Maya Frodeman Gallery is pleased to present Dze ke Dze, a solo exhibition with Cameroonian and Italian artist Patrick Joël Tatcheda Yonkeu. Dze ke Dze, a title drawn from the artist’s mother tongue Medumba, refers to a state of being lost – when one is unsure of which direction to take, or when a choice must be made without certainty. For Tatcheda Yonkeu, Dze ke Dze also signals possibility: a moment of openness, transformation, and self-realization.
Rooted in personal experience, the exhibition reflects on solitude, imagination, and the formative power of creativity. As a child, Tatcheda Yonkeu often found himself alone; drawing became both refuge and companion, a means of inventing relationships and making sense of the world. This period of introspection continues to inform his practice today, as he considers his own life, his relationships, and the invisible forces that bind individuals into a collective whole. Dze ke Dze marks an important achievement for the artist – a recognition of a pivotal moment of clarity within a lifelong process of searching.
Dze ke Dze brings together interconnected bodies of work that reflect Patrick-Joël Tatcheda Yonkeu’s process-driven practice. Central to the exhibition is Omen, a 54-part grid of works created across the changing seasons, from summer into autumn into the beginning of winter. Rooted in a temporal, almost geological understanding of time, the series draws on numerological symbolism – 54 reducing to 9, a number associated with spirituality, gestation, and cycles of becoming. Working in near isolation, Tatcheda Yonkeu approached each work as a fragment of a larger, harmonious whole. Describing his approach as “organic realism,” he seeks to give form to the invisible – dreams, instincts, and imagination –through an intuitive yet disciplined process using paper, natural pigments, and oil. These works function as residues of action, recording time, gesture, and thought. Also featured is Inno a Saffo, a 24-part grid that reflects on his experience of matriarchal traditions in Cameroon, contemporary feminist discourse, and the pressures of modern capitalism and its effect on traditional family values. Drawing from his upbringing, the work considers shifting definitions of womanhood, family, and care. Throughout the exhibition, Tatcheda Yonkeu merges African mystic symbolism, European painting traditions, and Chinese Zen philosophy, translating these influences through a unique, African worldview rooted in ritual, humility, and ancestral knowledge.
Patrick-Joël Tatcheda Yonkeu was born in 1985 in Douala, Cameroon.
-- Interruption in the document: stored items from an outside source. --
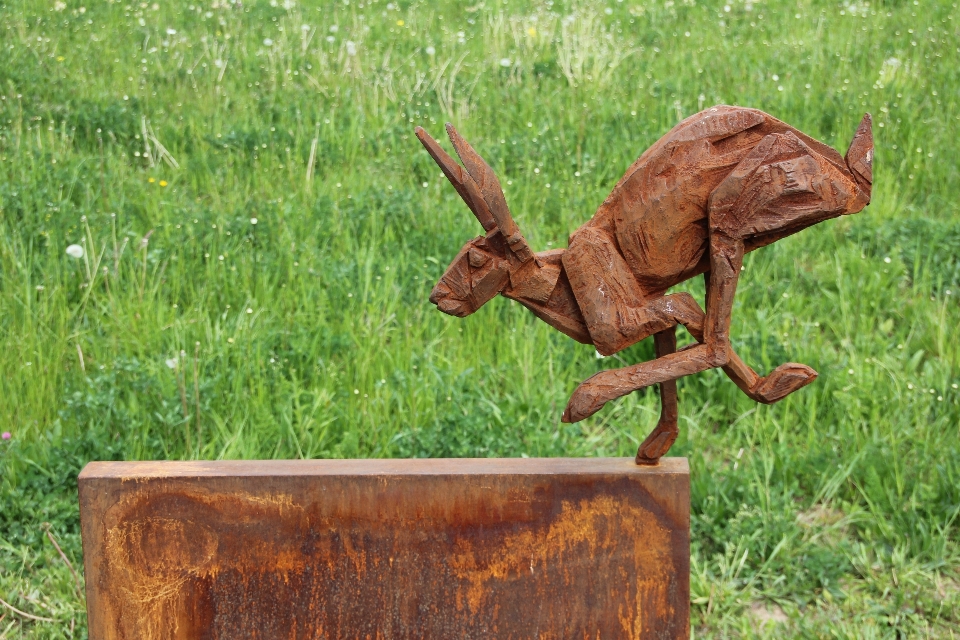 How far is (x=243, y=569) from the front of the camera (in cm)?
229

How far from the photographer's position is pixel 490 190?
197 centimetres

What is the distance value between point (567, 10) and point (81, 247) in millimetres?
3756

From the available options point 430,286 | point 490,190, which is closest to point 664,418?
point 490,190

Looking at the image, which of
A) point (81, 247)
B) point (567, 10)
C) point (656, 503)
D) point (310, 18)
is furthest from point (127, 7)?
point (656, 503)

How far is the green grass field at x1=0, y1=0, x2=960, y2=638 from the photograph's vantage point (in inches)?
127

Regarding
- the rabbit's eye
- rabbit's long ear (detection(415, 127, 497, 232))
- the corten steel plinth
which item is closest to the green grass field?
the corten steel plinth

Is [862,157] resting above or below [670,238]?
above

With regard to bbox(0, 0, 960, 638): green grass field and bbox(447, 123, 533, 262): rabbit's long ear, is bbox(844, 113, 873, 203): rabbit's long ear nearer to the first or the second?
bbox(447, 123, 533, 262): rabbit's long ear

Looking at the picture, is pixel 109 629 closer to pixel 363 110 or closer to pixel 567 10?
pixel 363 110

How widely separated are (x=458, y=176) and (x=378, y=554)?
876mm

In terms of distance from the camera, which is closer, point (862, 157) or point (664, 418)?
point (862, 157)

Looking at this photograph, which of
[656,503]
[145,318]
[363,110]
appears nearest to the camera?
[656,503]

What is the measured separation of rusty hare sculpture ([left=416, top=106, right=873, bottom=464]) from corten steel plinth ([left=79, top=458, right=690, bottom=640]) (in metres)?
0.31

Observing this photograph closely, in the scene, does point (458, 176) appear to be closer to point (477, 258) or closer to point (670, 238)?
Answer: point (477, 258) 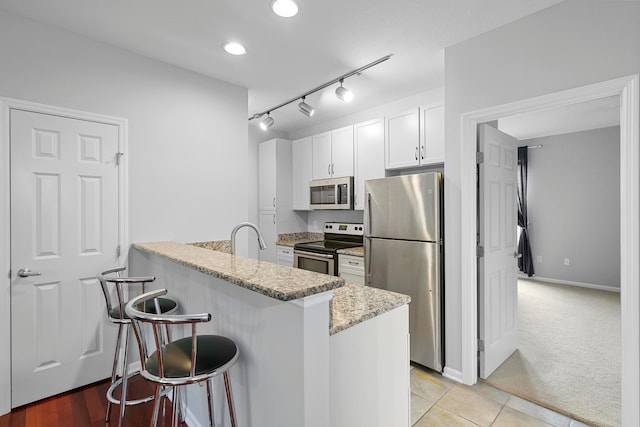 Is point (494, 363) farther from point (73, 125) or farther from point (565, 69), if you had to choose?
point (73, 125)

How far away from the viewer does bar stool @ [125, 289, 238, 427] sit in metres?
1.11

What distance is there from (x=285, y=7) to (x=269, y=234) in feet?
10.4

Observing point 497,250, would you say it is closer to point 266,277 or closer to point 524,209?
point 266,277

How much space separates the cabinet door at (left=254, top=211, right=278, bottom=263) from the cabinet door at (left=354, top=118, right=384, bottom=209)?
4.43 ft

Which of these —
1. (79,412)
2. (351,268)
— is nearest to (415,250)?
(351,268)

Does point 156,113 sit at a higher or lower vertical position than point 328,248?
higher

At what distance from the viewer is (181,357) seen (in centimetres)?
136

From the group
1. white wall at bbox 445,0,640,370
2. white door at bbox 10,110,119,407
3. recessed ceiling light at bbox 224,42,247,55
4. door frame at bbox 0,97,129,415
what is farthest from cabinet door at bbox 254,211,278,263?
door frame at bbox 0,97,129,415

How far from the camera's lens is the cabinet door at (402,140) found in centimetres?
332

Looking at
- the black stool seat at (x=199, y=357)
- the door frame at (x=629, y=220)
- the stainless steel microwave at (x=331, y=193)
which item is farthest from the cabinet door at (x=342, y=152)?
the black stool seat at (x=199, y=357)

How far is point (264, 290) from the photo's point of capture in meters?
1.08

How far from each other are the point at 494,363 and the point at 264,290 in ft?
8.18

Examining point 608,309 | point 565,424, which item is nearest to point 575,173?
point 608,309

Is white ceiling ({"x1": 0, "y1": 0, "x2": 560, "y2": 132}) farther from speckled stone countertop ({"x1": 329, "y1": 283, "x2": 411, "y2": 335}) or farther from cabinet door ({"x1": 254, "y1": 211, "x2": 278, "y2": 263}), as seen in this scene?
cabinet door ({"x1": 254, "y1": 211, "x2": 278, "y2": 263}) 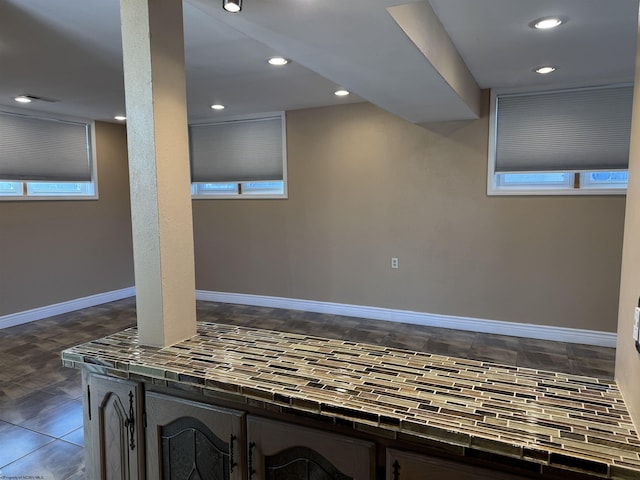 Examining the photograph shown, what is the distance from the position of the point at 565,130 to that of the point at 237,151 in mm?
3634

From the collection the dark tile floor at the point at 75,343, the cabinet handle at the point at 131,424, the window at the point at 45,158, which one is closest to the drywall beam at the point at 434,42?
the cabinet handle at the point at 131,424

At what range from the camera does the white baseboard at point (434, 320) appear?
3984 millimetres

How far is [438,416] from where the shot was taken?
44.7 inches

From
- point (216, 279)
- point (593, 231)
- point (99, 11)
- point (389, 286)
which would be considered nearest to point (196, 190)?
point (216, 279)

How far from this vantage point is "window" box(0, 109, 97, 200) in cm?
462

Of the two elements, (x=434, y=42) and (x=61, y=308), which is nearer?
(x=434, y=42)

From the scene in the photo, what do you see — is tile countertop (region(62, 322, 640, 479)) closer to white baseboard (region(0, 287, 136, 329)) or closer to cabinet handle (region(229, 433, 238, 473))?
cabinet handle (region(229, 433, 238, 473))

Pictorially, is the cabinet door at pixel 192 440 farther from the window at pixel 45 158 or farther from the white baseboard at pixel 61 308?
the window at pixel 45 158

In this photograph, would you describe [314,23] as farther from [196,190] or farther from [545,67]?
[196,190]

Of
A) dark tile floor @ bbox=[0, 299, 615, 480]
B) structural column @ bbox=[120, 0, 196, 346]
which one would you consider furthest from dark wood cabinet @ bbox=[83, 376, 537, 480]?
dark tile floor @ bbox=[0, 299, 615, 480]

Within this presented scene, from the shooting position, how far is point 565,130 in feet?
12.7

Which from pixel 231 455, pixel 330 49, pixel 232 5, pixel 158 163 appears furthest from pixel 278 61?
pixel 231 455

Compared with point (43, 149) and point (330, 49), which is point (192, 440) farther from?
point (43, 149)

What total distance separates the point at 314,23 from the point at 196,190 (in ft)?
14.3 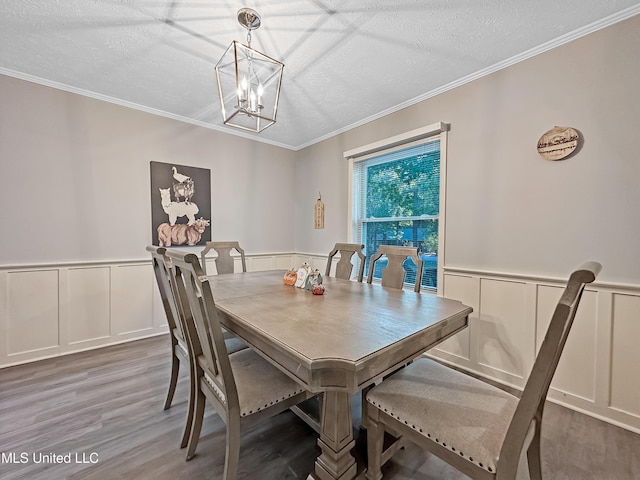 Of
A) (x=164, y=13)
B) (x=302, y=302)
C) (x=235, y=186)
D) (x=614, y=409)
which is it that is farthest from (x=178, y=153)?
(x=614, y=409)

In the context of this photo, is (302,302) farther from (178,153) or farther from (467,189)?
(178,153)

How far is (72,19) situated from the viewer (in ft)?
5.96

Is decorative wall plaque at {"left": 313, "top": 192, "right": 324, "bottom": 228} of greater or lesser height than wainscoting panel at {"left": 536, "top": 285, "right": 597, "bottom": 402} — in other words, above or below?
above

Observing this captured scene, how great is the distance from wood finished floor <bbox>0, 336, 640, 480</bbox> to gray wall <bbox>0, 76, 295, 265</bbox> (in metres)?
1.26

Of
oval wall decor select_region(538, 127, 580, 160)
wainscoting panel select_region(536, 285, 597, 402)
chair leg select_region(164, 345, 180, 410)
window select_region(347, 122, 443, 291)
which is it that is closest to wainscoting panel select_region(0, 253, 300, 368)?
chair leg select_region(164, 345, 180, 410)

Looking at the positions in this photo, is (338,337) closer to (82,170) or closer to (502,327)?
(502,327)

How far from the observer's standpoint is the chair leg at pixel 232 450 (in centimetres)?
114

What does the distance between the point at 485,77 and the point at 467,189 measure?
96 cm

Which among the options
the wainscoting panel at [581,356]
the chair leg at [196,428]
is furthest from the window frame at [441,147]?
the chair leg at [196,428]

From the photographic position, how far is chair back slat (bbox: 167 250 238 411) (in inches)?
43.3

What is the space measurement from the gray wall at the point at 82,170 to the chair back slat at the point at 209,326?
2.25 m

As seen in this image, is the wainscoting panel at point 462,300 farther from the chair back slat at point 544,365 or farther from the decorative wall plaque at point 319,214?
the decorative wall plaque at point 319,214

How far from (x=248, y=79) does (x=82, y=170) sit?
2.23 meters

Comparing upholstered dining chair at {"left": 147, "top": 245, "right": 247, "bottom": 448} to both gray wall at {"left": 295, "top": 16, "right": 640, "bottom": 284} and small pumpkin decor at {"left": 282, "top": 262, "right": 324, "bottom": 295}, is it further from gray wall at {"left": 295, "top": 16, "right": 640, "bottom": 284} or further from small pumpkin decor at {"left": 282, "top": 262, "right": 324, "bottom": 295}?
gray wall at {"left": 295, "top": 16, "right": 640, "bottom": 284} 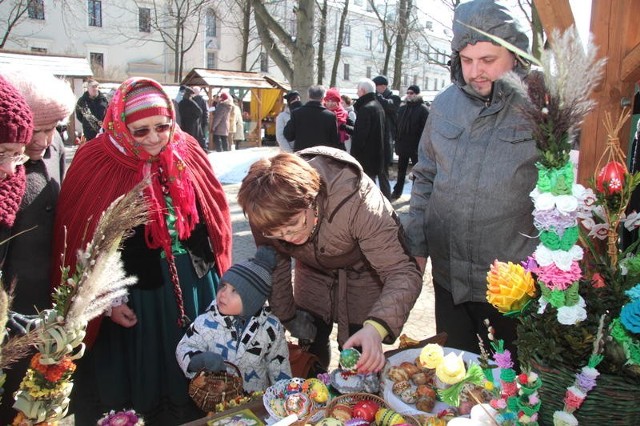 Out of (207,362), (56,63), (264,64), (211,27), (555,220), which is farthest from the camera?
(264,64)

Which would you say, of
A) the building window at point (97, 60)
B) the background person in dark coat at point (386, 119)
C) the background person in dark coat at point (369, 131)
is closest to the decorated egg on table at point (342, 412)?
the background person in dark coat at point (369, 131)

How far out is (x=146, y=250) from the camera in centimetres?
215

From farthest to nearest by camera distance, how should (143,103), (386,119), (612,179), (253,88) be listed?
(253,88), (386,119), (143,103), (612,179)

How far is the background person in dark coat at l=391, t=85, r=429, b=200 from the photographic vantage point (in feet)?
24.9

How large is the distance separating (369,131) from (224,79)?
9.40 m

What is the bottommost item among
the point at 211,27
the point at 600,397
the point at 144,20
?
the point at 600,397

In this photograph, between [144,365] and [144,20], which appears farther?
[144,20]

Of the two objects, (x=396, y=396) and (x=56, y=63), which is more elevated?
(x=56, y=63)

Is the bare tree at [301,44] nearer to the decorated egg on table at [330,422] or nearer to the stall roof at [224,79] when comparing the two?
the stall roof at [224,79]

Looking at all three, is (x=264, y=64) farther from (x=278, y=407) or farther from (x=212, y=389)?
(x=278, y=407)

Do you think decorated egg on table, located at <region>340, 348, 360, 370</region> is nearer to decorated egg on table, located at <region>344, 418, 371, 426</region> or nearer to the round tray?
the round tray

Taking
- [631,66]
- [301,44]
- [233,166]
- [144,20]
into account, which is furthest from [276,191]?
[144,20]

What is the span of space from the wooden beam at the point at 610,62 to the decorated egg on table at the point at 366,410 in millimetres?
952

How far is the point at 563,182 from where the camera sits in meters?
0.96
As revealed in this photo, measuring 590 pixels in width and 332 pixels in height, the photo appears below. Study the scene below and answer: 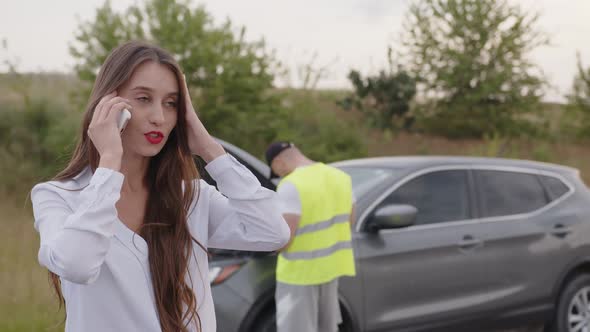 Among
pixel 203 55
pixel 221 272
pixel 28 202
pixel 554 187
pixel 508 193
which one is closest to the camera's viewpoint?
pixel 221 272

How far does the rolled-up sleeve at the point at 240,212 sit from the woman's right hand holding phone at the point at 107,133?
366 millimetres

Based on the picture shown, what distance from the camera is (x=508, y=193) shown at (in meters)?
6.14

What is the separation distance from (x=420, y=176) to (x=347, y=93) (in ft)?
96.0

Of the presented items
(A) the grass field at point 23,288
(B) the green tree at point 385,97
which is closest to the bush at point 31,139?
(A) the grass field at point 23,288

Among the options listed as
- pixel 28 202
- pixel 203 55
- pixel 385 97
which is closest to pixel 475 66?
pixel 385 97

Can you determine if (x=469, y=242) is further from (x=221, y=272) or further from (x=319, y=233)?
(x=221, y=272)

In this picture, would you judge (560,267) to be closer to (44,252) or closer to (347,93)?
(44,252)

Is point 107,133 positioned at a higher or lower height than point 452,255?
higher

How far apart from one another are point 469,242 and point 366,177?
91 cm

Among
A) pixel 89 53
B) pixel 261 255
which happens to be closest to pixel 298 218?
pixel 261 255

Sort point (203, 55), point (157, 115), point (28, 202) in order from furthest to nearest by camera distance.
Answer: point (203, 55), point (28, 202), point (157, 115)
After studying science at St. Jean Baptiste College in Bangangté, and a brief stint at the University of Dschang, where he further studied mathematics and computer science, Patrick-Joël attended the University of Yaoundé to study Fine Arts. After graduating, he decided to dedicate himself to the arts and moved to Italy, where he studied painting and later earned a scholarship to attend the Academy of Fine Arts in Bologna. He obtained a BFA in painting in 2013 and received an MFA in 2016 in Visual Arts and completed a research project on Zen in art. After his studies, Patrick-Joël settled in Bologna. There, he continued his path through numerous collaborations between Africa and Italy and by establishing intercultural painting workshops with schools and associations in the Emilia-Romagna region, leaning into his rigorous and diverse research background. Recently, he participated in the exhibition "I IS ANOTHER BE THE OTHER" by Simon Njami at the Galleria Nazionale d'Arte Moderna e Contemporanea in Rome, Italy, and the 2018 Dakar Biennale, which was highlighted by the New York Times, along with Tatcheda Yonkeu work. He also took part in Manifesta 12 as part of the "Collateral project Art and Globalization," curated by the Danish curator Rikke Jorgensen, along with associate curators Valentina G. Levy and Nadine Bilong. Patrick-Joël lives and works in Bologna, Italy.